The benchmarks are another story: with a Geekbench 5 score of 1617, the Pixel 5's specs perform worse than the comparably-priced Samsung Galaxy S20 Fan Edition (2928), which is powered by a Snapdragon 865 chipset. This isn't exactly surprising, but it does indicate speed – and given the Google Pixel 4a 5G scored a roughly similar 1614, we have further support that the Google Pixel 5 doesn't perform much better than its cheaper counterpart.
The Pixel 5 packs 128GB of storage in its only configuration, and as with its predecessor you can’t expand this via micro SD. It’s frustrating, and it means that if you want more storage you’ll have to opt for a cloud solution.

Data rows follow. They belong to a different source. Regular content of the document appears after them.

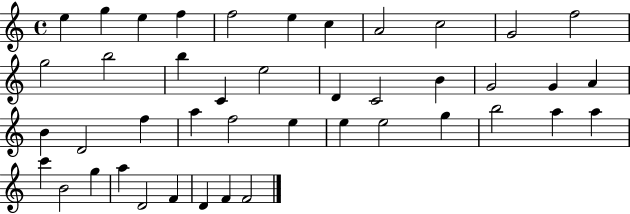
E5/q G5/q E5/q F5/q F5/h E5/q C5/q A4/h C5/h G4/h F5/h G5/h B5/h B5/q C4/q E5/h D4/q C4/h B4/q G4/h G4/q A4/q B4/q D4/h F5/q A5/q F5/h E5/q E5/q E5/h G5/q B5/h A5/q A5/q C6/q B4/h G5/q A5/q D4/h F4/q D4/q F4/q F4/h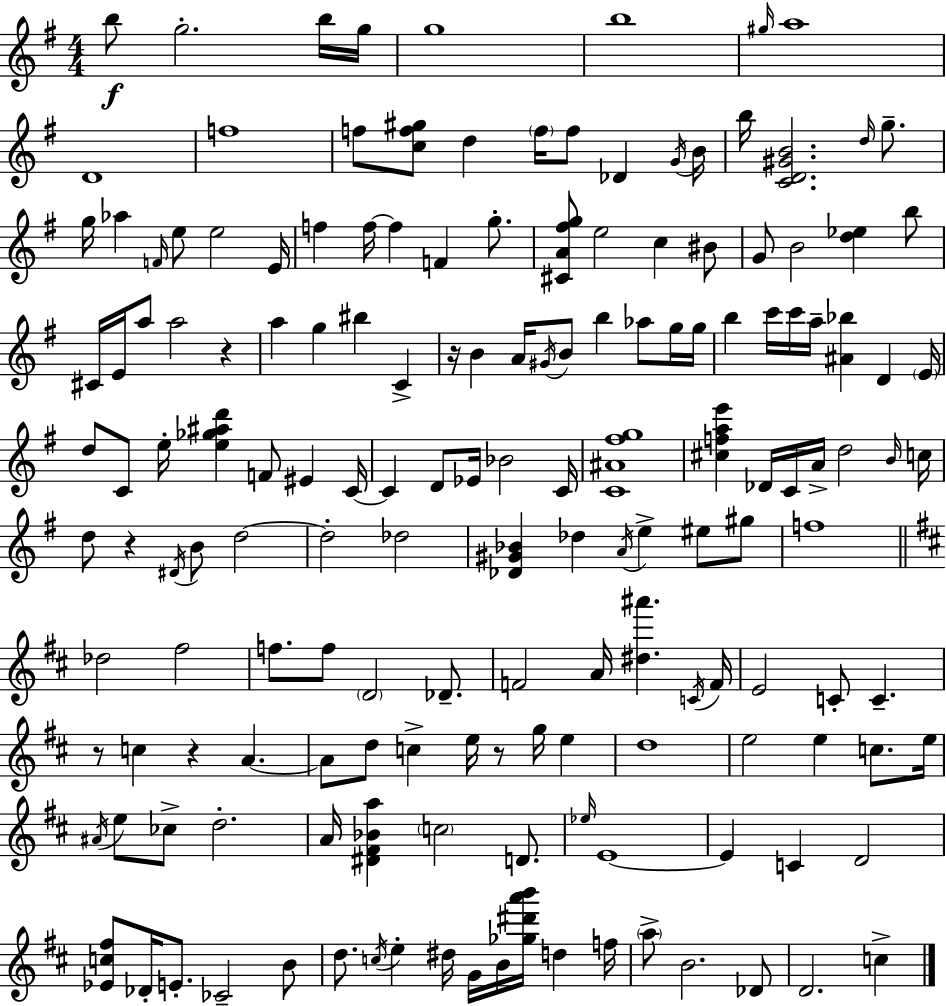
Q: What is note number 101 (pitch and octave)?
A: C4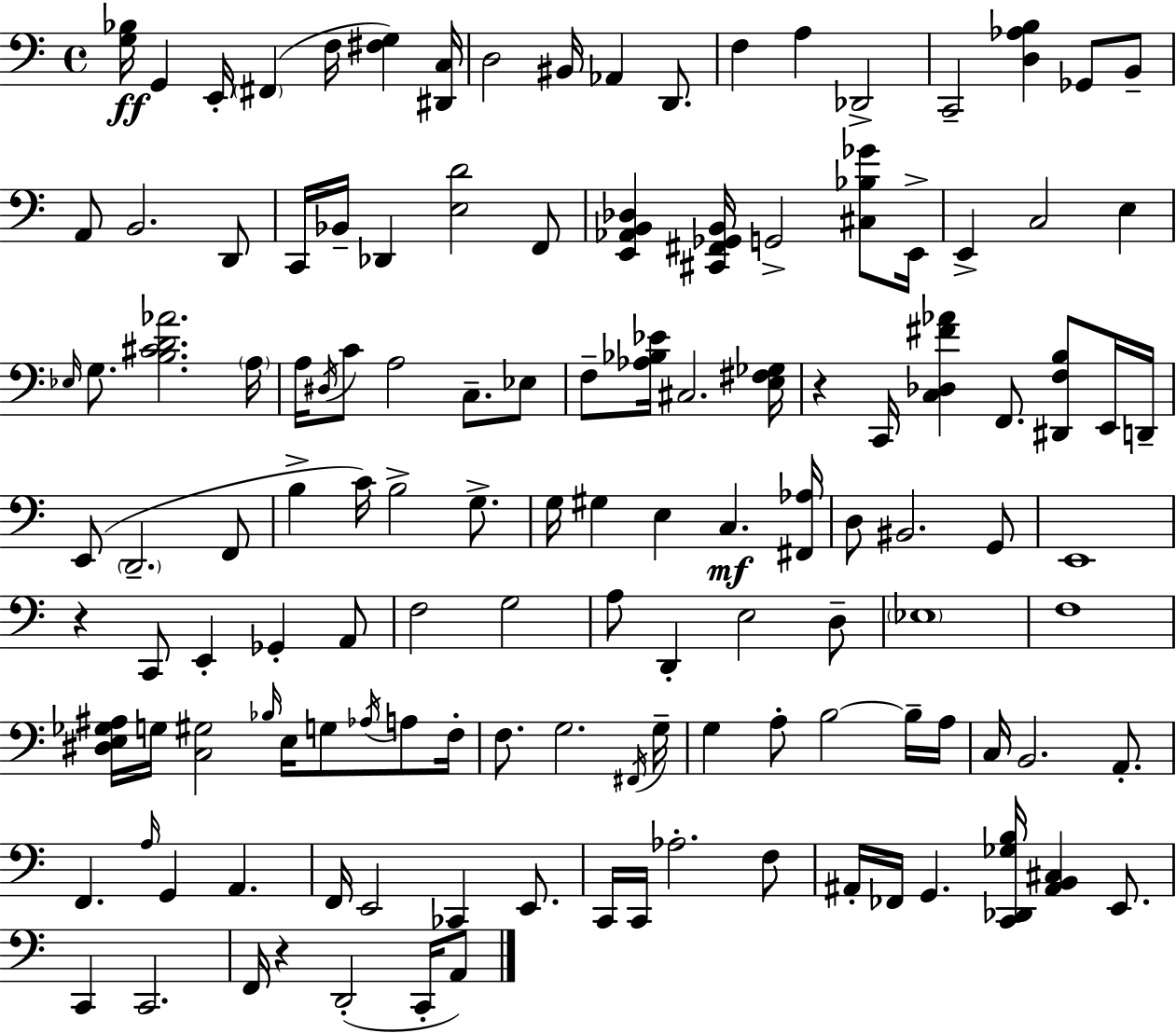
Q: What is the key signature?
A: A minor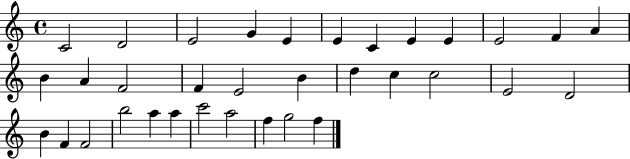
C4/h D4/h E4/h G4/q E4/q E4/q C4/q E4/q E4/q E4/h F4/q A4/q B4/q A4/q F4/h F4/q E4/h B4/q D5/q C5/q C5/h E4/h D4/h B4/q F4/q F4/h B5/h A5/q A5/q C6/h A5/h F5/q G5/h F5/q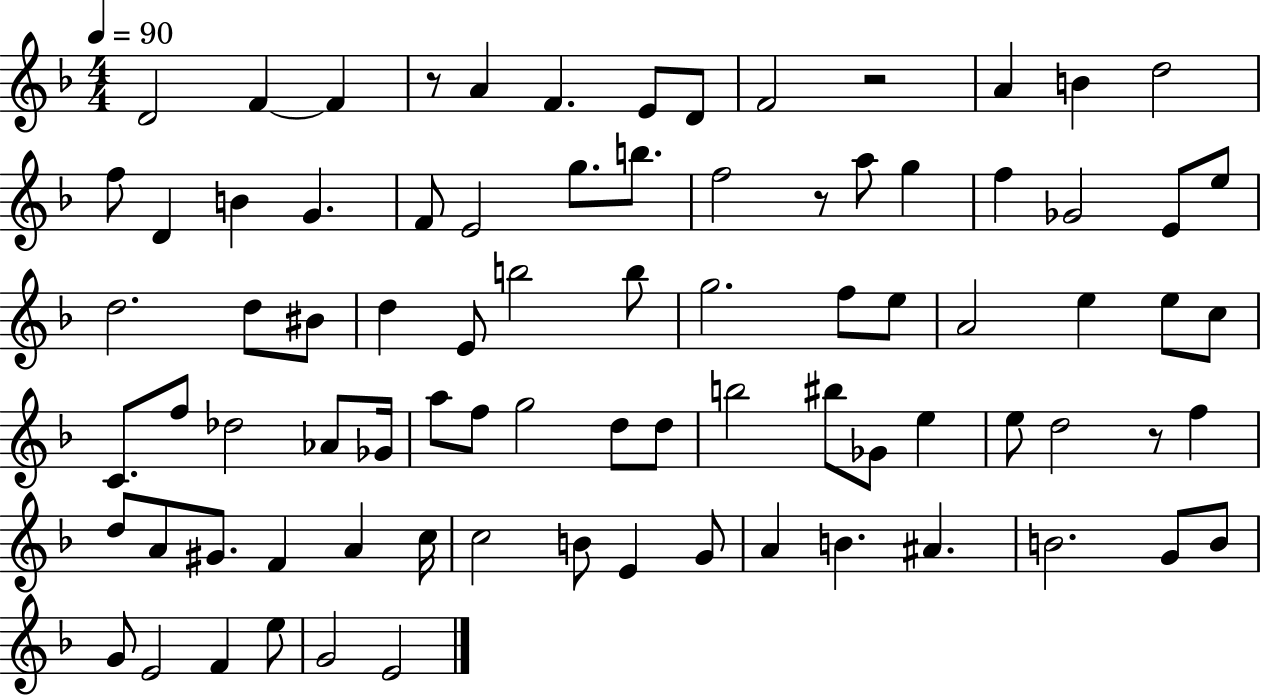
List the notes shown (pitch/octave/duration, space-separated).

D4/h F4/q F4/q R/e A4/q F4/q. E4/e D4/e F4/h R/h A4/q B4/q D5/h F5/e D4/q B4/q G4/q. F4/e E4/h G5/e. B5/e. F5/h R/e A5/e G5/q F5/q Gb4/h E4/e E5/e D5/h. D5/e BIS4/e D5/q E4/e B5/h B5/e G5/h. F5/e E5/e A4/h E5/q E5/e C5/e C4/e. F5/e Db5/h Ab4/e Gb4/s A5/e F5/e G5/h D5/e D5/e B5/h BIS5/e Gb4/e E5/q E5/e D5/h R/e F5/q D5/e A4/e G#4/e. F4/q A4/q C5/s C5/h B4/e E4/q G4/e A4/q B4/q. A#4/q. B4/h. G4/e B4/e G4/e E4/h F4/q E5/e G4/h E4/h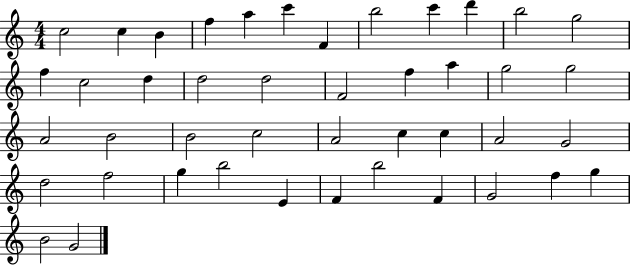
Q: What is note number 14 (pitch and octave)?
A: C5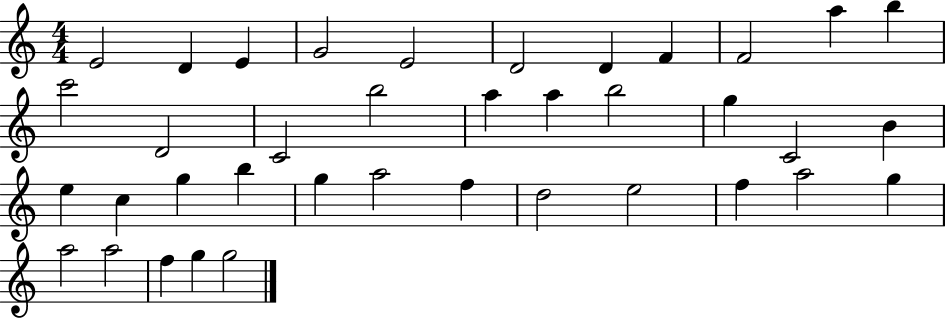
{
  \clef treble
  \numericTimeSignature
  \time 4/4
  \key c \major
  e'2 d'4 e'4 | g'2 e'2 | d'2 d'4 f'4 | f'2 a''4 b''4 | \break c'''2 d'2 | c'2 b''2 | a''4 a''4 b''2 | g''4 c'2 b'4 | \break e''4 c''4 g''4 b''4 | g''4 a''2 f''4 | d''2 e''2 | f''4 a''2 g''4 | \break a''2 a''2 | f''4 g''4 g''2 | \bar "|."
}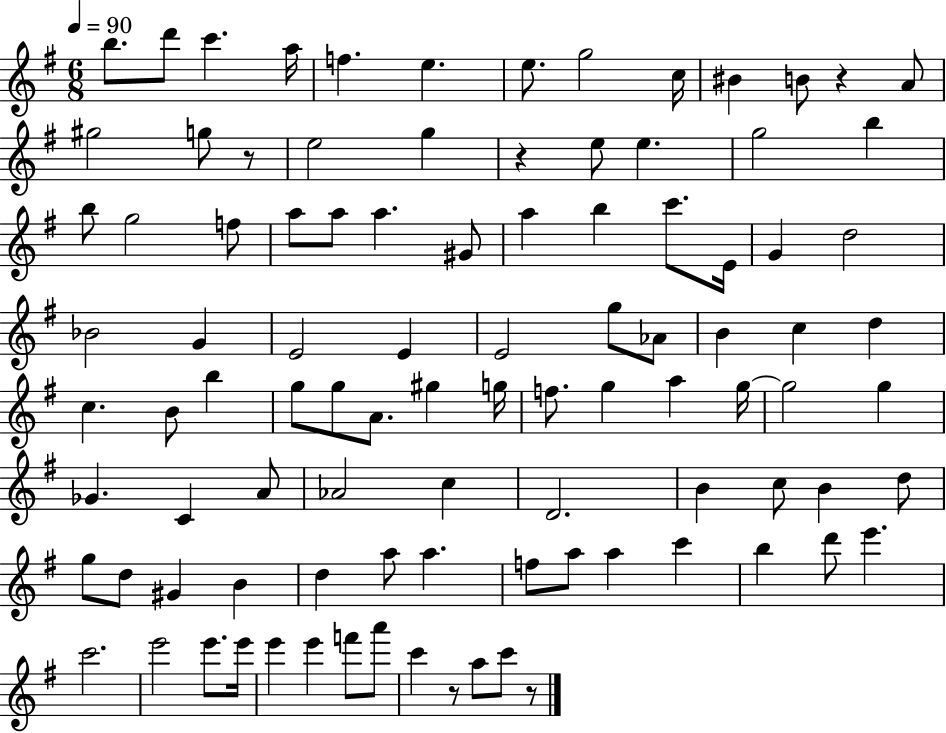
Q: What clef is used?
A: treble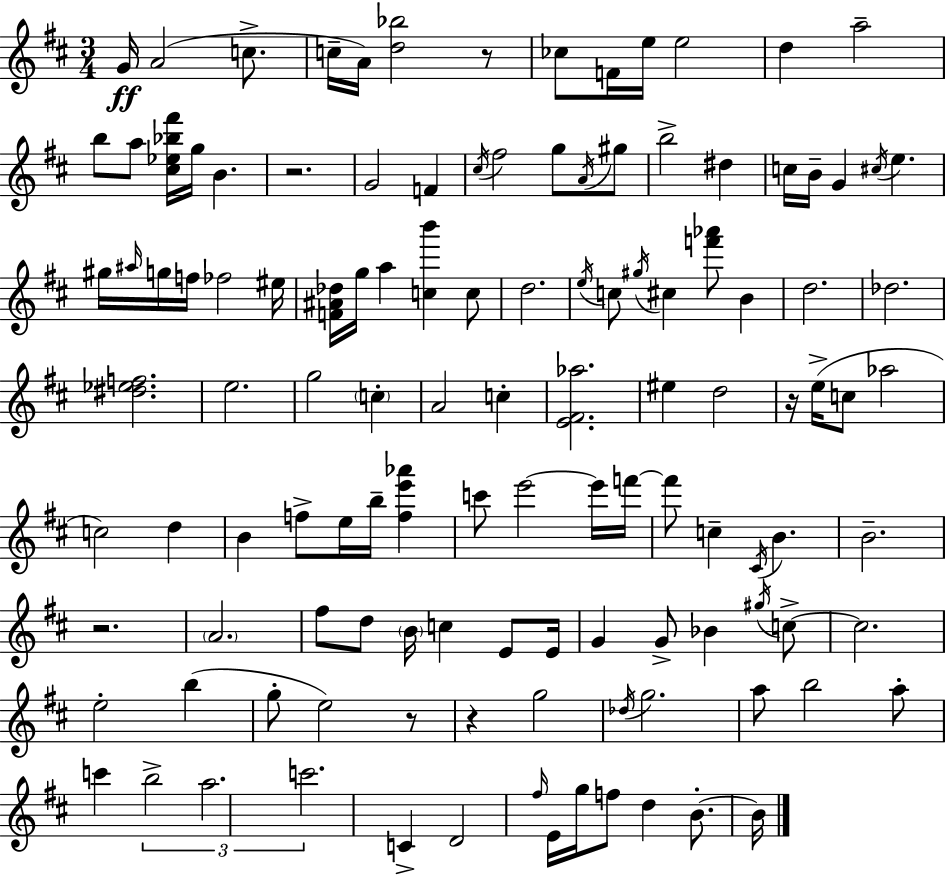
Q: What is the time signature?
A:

The Pixel 5 runs Android 11 out of the box, benefiting from new features including built-in screen recording, a Conversations feature that collects all your messages from various apps in one place, and improved smart home controls.
One of the Pixel 5’s biggest improvements over its predecessor is its 4,000mAh battery – in our casual testing it comfortably lasted into a second day, while we found the Pixel 4, with its 2,800mAh battery, hit single digits in the early evening.
Battery life was a major complaint with the Pixel 4, and Google seems to have gotten the message. In addition to the expanded capacity, the Pixel 5 also has a new software feature: Extreme Battery Saver. As you might guess, this is an enhanced version of the standard Battery Saver, which goes beyond turning on Dark Mode and pausing background activity to turn off Wi-Fi hot-spotting and other battery-draining activity – although crucially, you can whitelist apps to keep them operating normally.
The Pixel 5 comes with an 18W fast charger in the box, and supports Qi wireless charging. You can also use the phone to wirelessly reverse-charge other devices, and although we found it a little difficult to charge smaller devices consistently (like wireless headphone cases), it’s easy enough to charge another phone.